Já tinha organizado tudo mentalmente: o café reforçado que prepararia assim que acordasse, a corrida pela Orla antes do sol ficar inclemente para atividades ao ar livre, um bom livro que estava guardado na gaveta do criado-mudo há meses e o disco recém-adquirido do The Police num sebo, "Synchronicity". Tudo estava perfeitamente planejado para um fim de semana impecável.

Até que ouviu um barulho estranho se aproximando do seu carro, na Rua Carlos Gomes e diminuiu a velocidade, observando o que parecia ser alguma viciada em crack assaltando um rapaz no meio da rua. Era possível ver outra mulher na cena – ou a companheira dele ou uma comparsa da mulher.

Não tinha muito tempo para pensar nos detalhes do caso até que todos os envolvidos estivessem na delegacia. Retirou a luz de emergência e colocou rapidamente na parte de cima do carro, ligando para chamar a atenção, e freou o veículo, saindo rapidamente de arma em punho.

Enxergou rapidamente a situação apresentada: "Assalto. O rapaz no carro esporte achava que ia aproveitar a noite com alguma prostituta da região e foi vítima de um golpe." Direcionou a arma para a assaltante e disse:

- Largue a faca. Está presa!

O rapaz logo se apressou a gritar em agradecimento:

- Obrigado, policial, eu... Eu estava sendo atacado por essa louca, ela iria me matar!

A mulher, que ainda estava concentrada na arma e na pessoa à sua frente, apenas disse, como se não tivesse visto o policial apontando a pistola em sua direção:

- Ele bateu na minha amiga, vim defendê-la! E não abaixo a faca até mostrar o distintivo!

Severo percebeu a moça tremendo, com marcas roxas no rosto.

- Elas estão juntas, vão me atacar, queriam roubar meu carro enquanto eu pagava por um programa! Tinha que me defender!

- Esse riquinho de merda tá mentindo!
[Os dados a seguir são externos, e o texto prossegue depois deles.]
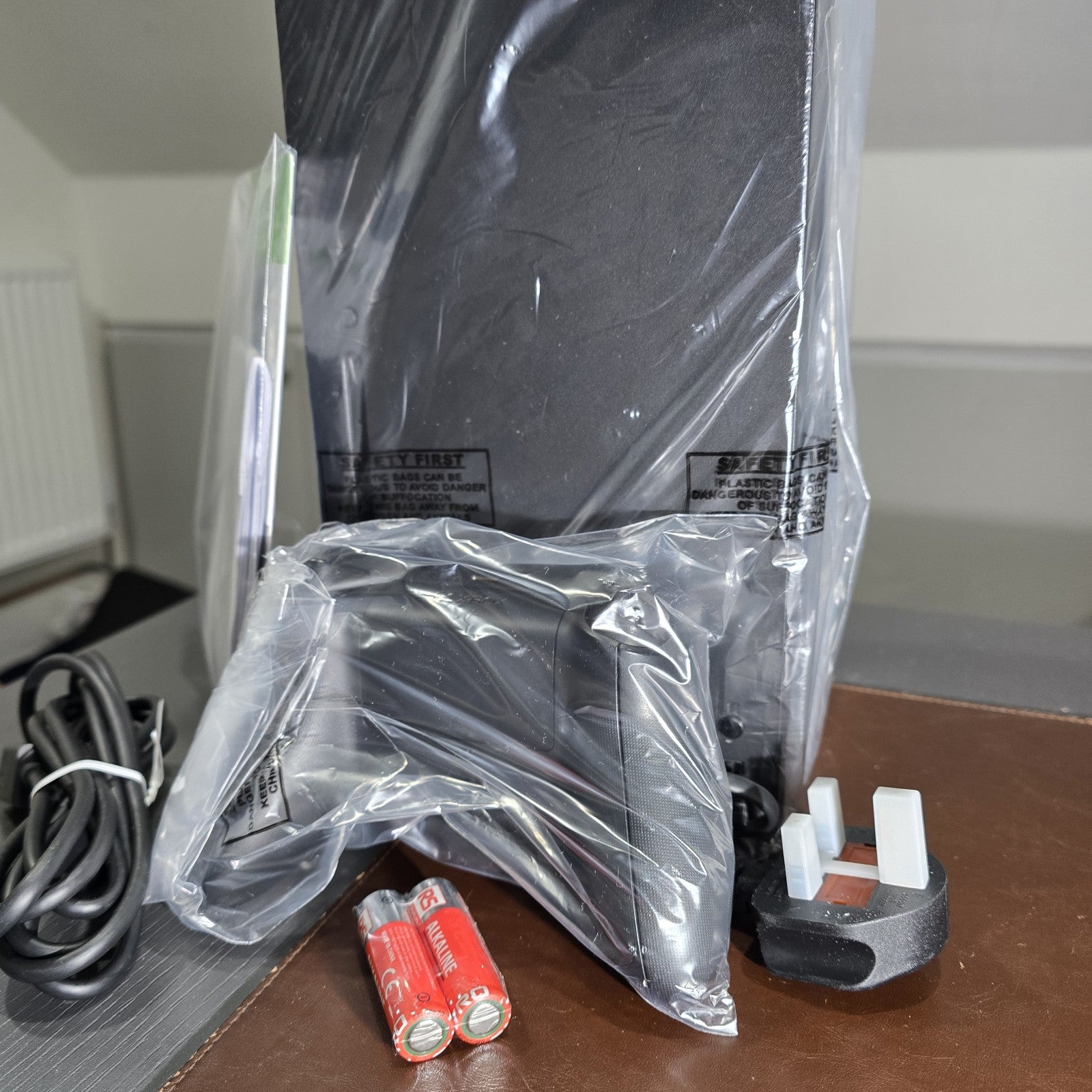 Microsoft Xbox Series X - 1TB - Black Console - Grade A Fully Working #119B-119G12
Quem tá com a cara fodida é quem?

- Quem tá armada aqui? Prende ela logo, policial!

Surgidos do começo da rua, apareceram viaturas da polícia militar. Aparentemente, alguém ligara por conta da confusão.

Os policiais saíram rapidamente e se aproximaram da moça, apontando a arma na direção da jovem, que não entendia por que todos acreditavam que ela era a culpada.